Appellant, Reliance Insurance Company, paid $778.86 as personal injury protection benefits to its insured, Thomas L. Kilby. The Kilby personal injury suit was settled for $5,700, whereupon Reliance filed a Notice of Lien on account of the PIP benefits paid.

Kilby and Reliance being unable to negotiate a settlement, Kilby filed a Motion For Equitable Distribution and Assessment of Attorney Fees.

This is important — Reliance prior to judicial decision demanded 80% of its total payout, or $623.09, in settlement. The trial court found that the true value of Kilby’s claim was $22,800 and that Reliance was entitled to only 18% of the PIP payments, or a total reimbursement of $138.24.

The trial court further found that a “dispute” between Kilby and Reliance had arisen necessitating court proceeding for its resolution under Fla.Stat. 627.736(3)(b) (1975).

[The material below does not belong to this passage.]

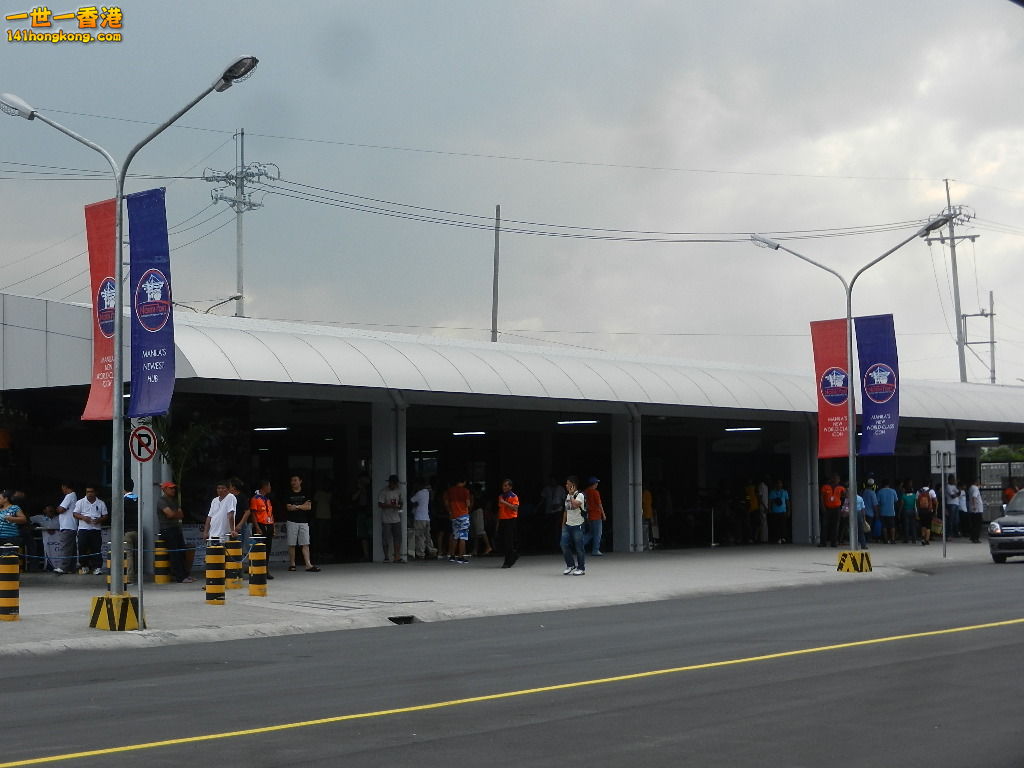 DSCN3729.JPG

The court awarded Kilby’s attorney an attorney’s fee of $350 under authority of Fla.Stat. 627.736(8) (1975) and Fla.Stat. 627.428 (1975).

Reliance appeals. We affirm.

Reliance argues that, under the pertinent Florida Statutes, supra, a dispute is required, plus a judgment as a predicate for an award of an attorney fee. We disagree. It is our interpretation that only a dispute is required and we feel that the award of an attorney fee here is justified and authorized by Catches v. Government Employees *631Insurance Company, 318 So.2d 552 (1st DCA Fla.1975); White v. Reserve Insurance Company, 299 So.2d 661 (1st DCA Fla.1974).

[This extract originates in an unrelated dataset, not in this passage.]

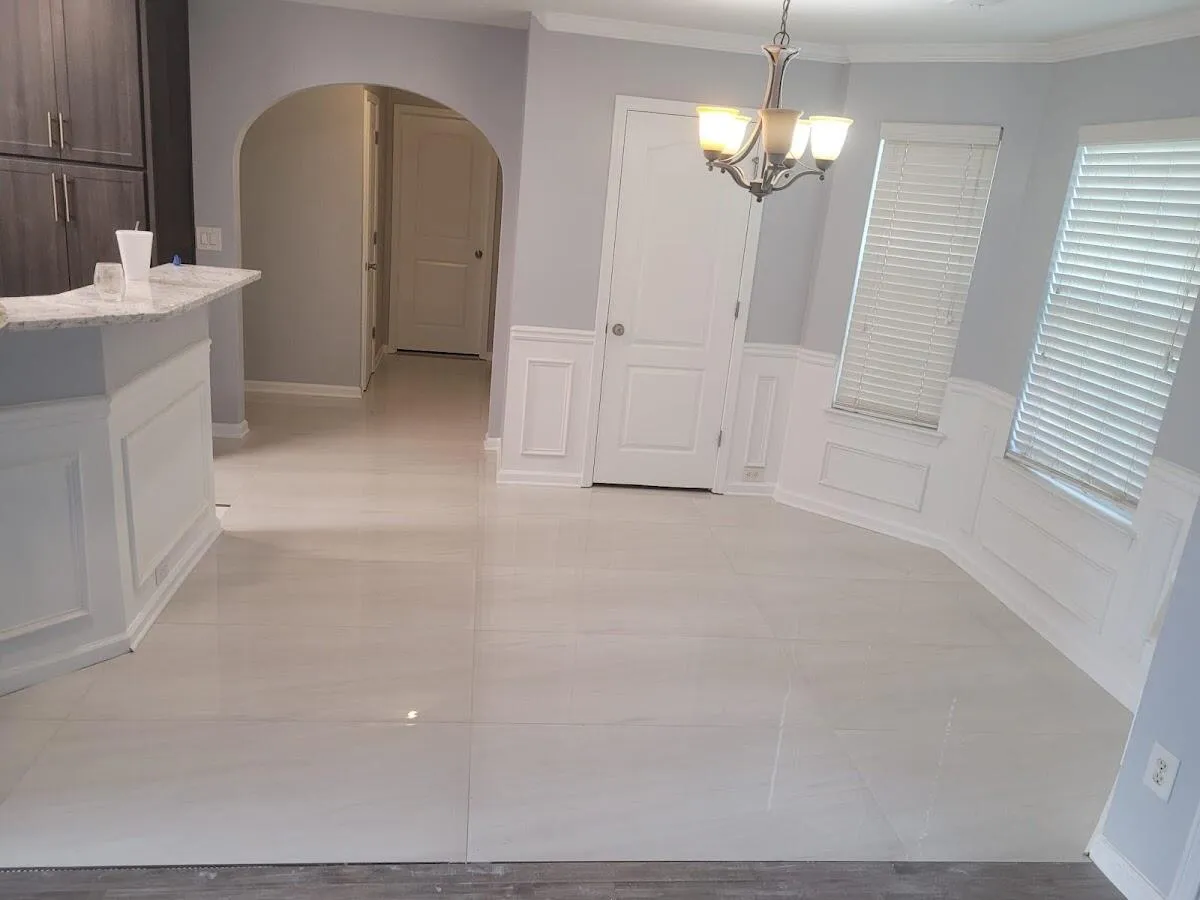 Leak Detection & Repair in South Milwaukee, WI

Reliance seeks to distinguish Catches because there the carrier had demanded 100% reimbursement, while here the demand was for only 80%. In Catches the court said by demanding 100% the carrier was, in effect, denying a material obligation of coverage to its insured. We feel that in the instant case Reliance, by demanding 80% reimbursement when it was only entitled to 18%, did, as in Catches, deny a material obligation of coverage to its insured. Because of this denial Kilby is entitled to an award of an attorney fee under Fla.Stat. 627.428(1) (1975).

We would also adopt and repeat the caution found in Catches,

“We do not hold that an insurer, who in good faith negotiates with its insured as to the ‘equitable distribution’ of sums recovered from a tort-feasor, is liable for attorney’s fees when the insured pursues judicial relief.” 318 So.2d 552 at 553.

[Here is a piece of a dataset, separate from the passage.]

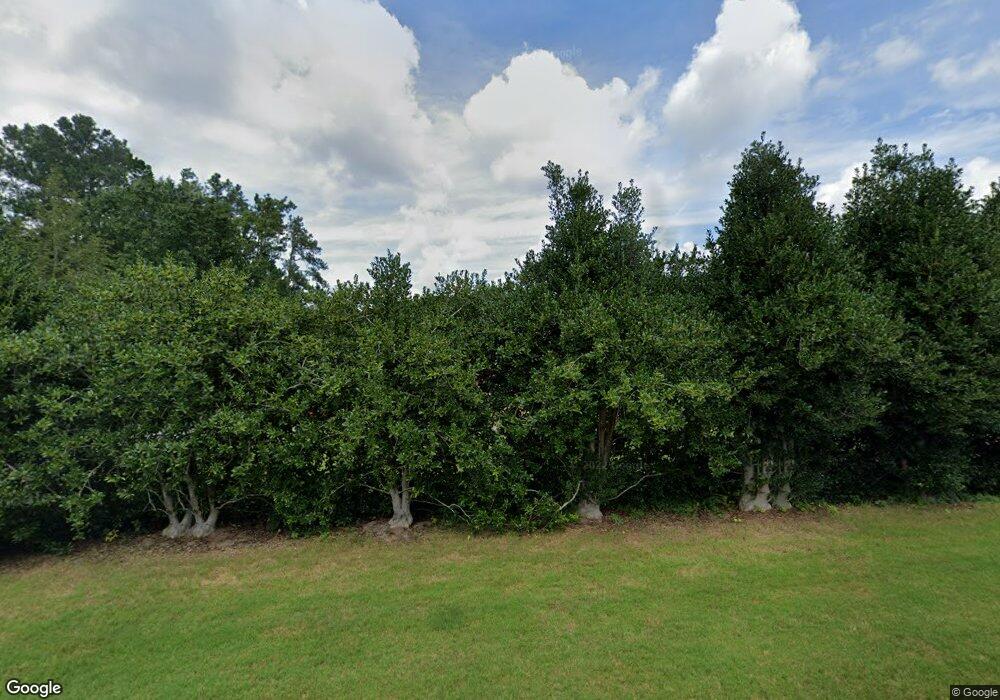 3100 Horseshoe Springs Dr NE, Conyers, GA 30013 - photo 1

In the practical operation of equitable distribution of PIP benefits, we would suppose and hope that the insurer and insured, negotiating in good faith, would in most instances be able to amicably settle on an agreed apportionment without judicial help. However, we recognize that there may be problems in the everyday working relationship between the mentioned statutes and the Catches decision.

To begin with, as illustrated by the facts in the instant case, the amount of PIP benefits is often relatively small. With PIP benefits of $778.86 to be apportioned, it would make no economic sense for the insured to seek judicial apportionment if the insured must pay his own attorney fee. The fees could very well equal or surpass the award of benefits. After all, the legal work of demonstrating the value of the claim falls on the insured. So, if an insured is not to receive an award of attorney fees, he or she is left to the mercy and dictates of the insurer in the amounts of apportionment.

On the other nand, it would be an equally unfair application and interpretation to allow every insured an attorney fee upon the mere filing of a motion for equitable distribution, regardless of the good faith efforts of the insurer.

And so it is our view that an insured is entitled to an award of attorney fees when the insurer refuses or fails to negotiate in good faith. We further feel that the trier of the fact can gauge that good faith or lack thereof by the percentage imbalance between that amount demanded and that judicially awarded to the insurer. Where, as here, the difference is gross, it is our judgment that the trial court was correct in finding a dispute and awarding fees.

AFFIRMED.

ALDERMAN, J., and DAKAN, STEPHEN L., Associate Judge, concur.